Im Fall von Wolfwalkers ist das umso erstaunlicher, als es sich mit Cartoon Saloon um ein verhältnismäßig kleines, stets um seine Unabhängigkeit ringendes irisches Animationsstudio handelt, das, anders als Pixar mit Disney im Hintergrund, keine allumfassende Großmacht darstellt, sondern ähnlich wie das japanische Ghibli-Studio einen sehr individuellen Weg eingeschlagen hat.
Einen Weg, der so wie Ghiblis Weg, auch davon geprägt ist, die eigene nationale Geschichte und Identität prominent zu platzieren. So kümmerte sich das preisgekrönte Erstlingswerk vom Gründerteam um Tomm Moore, Nora Twomey und Paul Young, Brendan und das Geheimnis von Kells (2009), im Kern um das, was auch im neuen Film Wolfwalkers im Zentrum steht – das Erinnern und Wiederaufleben alter irischer Geschichte anhand von verbürgten historischen Quellen.
Doch weitaus mehr als in THE SECRET OF KELLS werden diese Quellen in Wolfwalkers auch künstlerisch integriert. So wie Isao Takahata in Ghiblis Meisterwerk Die Legende der Prinzessin Kaguya alte japanische Tuschetechniken in seine animierten Tableaus integriert hat, hat Tomm Moore für Wolfwalkers die Ästhetik der alten irischen illustrierten Handschrift des Books of Kells aus dem 8. Jahrhundert in die Animationen miteinfließen lassen. »Splitscreens«, Zweidimensionalität, feine, filigrane Muster, leuchtende Farben, und Figuren, die in wunderbaren Übergängen vom Sakralen ins Profane mäandern.
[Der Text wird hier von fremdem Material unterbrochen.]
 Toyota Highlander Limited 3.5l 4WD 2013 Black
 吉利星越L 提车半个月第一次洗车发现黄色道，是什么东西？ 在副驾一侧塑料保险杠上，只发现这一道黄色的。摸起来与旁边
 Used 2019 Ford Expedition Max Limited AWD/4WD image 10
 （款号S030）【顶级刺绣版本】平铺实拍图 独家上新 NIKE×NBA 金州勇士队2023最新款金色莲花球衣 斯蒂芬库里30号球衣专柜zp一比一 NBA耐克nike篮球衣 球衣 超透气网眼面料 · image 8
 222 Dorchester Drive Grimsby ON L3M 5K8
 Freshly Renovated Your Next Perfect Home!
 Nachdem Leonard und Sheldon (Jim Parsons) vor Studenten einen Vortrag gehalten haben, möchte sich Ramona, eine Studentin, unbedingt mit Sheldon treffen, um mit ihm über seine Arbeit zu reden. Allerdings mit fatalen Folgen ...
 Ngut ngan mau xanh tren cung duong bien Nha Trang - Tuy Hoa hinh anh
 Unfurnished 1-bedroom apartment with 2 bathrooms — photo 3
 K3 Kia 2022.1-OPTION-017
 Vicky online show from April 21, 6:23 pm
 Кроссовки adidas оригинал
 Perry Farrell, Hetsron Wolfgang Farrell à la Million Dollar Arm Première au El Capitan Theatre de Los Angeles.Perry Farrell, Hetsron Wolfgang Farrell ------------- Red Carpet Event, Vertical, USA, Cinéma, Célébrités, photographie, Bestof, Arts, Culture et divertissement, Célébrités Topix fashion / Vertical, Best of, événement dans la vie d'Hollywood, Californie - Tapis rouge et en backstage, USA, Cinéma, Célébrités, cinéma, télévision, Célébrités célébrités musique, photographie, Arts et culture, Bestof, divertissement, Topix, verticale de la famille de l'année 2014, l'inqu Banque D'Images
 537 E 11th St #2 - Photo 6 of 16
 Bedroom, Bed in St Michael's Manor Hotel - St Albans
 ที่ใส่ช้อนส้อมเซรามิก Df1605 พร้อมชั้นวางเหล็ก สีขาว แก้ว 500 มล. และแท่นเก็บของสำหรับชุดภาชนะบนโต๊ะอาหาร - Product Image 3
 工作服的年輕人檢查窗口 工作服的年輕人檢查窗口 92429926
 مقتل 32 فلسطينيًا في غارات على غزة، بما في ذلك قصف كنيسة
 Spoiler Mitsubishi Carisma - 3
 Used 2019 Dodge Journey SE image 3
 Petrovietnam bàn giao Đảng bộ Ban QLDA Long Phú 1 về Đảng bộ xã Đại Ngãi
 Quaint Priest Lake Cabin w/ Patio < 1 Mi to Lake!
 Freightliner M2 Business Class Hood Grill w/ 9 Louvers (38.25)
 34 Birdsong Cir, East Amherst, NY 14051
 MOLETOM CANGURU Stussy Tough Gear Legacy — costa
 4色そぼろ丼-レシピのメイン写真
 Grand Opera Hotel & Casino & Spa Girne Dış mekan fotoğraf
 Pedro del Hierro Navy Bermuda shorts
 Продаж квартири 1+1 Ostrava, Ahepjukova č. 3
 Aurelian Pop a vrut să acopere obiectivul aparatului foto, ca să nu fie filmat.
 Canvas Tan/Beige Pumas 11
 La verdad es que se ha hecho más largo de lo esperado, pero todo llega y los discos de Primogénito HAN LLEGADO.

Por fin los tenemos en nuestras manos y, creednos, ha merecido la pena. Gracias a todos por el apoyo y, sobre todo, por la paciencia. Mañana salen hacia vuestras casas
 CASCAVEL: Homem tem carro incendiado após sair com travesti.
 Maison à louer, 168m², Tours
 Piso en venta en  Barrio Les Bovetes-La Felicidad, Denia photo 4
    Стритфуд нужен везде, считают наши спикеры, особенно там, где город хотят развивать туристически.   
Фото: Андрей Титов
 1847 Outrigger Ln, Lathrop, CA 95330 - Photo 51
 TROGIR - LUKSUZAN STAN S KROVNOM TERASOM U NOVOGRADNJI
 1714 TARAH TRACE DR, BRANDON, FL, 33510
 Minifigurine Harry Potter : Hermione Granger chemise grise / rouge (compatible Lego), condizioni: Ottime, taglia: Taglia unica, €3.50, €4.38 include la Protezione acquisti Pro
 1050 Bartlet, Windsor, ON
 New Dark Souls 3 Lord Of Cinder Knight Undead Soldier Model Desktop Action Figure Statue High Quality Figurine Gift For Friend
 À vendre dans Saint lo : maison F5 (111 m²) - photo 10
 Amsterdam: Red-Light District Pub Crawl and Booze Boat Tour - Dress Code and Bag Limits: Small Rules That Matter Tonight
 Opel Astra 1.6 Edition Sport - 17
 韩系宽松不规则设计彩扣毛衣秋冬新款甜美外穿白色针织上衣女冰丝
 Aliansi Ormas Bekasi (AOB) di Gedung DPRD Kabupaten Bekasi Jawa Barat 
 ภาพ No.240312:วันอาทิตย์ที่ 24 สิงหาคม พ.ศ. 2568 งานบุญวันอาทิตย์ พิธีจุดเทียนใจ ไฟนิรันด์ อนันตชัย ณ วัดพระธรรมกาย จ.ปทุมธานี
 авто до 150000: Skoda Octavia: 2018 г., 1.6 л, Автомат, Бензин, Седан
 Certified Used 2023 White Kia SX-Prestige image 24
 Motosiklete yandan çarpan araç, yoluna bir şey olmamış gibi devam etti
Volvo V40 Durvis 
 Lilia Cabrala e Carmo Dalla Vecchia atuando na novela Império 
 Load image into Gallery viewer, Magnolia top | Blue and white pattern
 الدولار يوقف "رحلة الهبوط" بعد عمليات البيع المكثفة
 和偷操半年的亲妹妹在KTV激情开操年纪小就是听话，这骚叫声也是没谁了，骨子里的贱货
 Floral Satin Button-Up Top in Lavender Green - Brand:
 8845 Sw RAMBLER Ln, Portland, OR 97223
Doch abseits dieser zärtlichen, künstlerischen Implosionen bietet Wolfwalkers auch eine Geschichte an, die stark ist. Die eine eigentlich nicht in irischen Mythen verankerte Legende von Wolfswandlern aufnimmt, die Moore in österreichischen Legenden gefunden haben will, und die nichts mit Werwolf et al. zu tun hat. Zwar muss man auch hier gebissen werden, um nachts ein Wolf zu sein, doch geht es hier weniger darum, möglichst weitere Menschen mit ins Unglück zu ziehen, als um eine Rückbesinnung zu »Mutter Erde«, die Möglichkeit, eins mit der Natur zu werden und ganz nebenbei Vorurteile über Wölfe aus dem Weg zu räumen.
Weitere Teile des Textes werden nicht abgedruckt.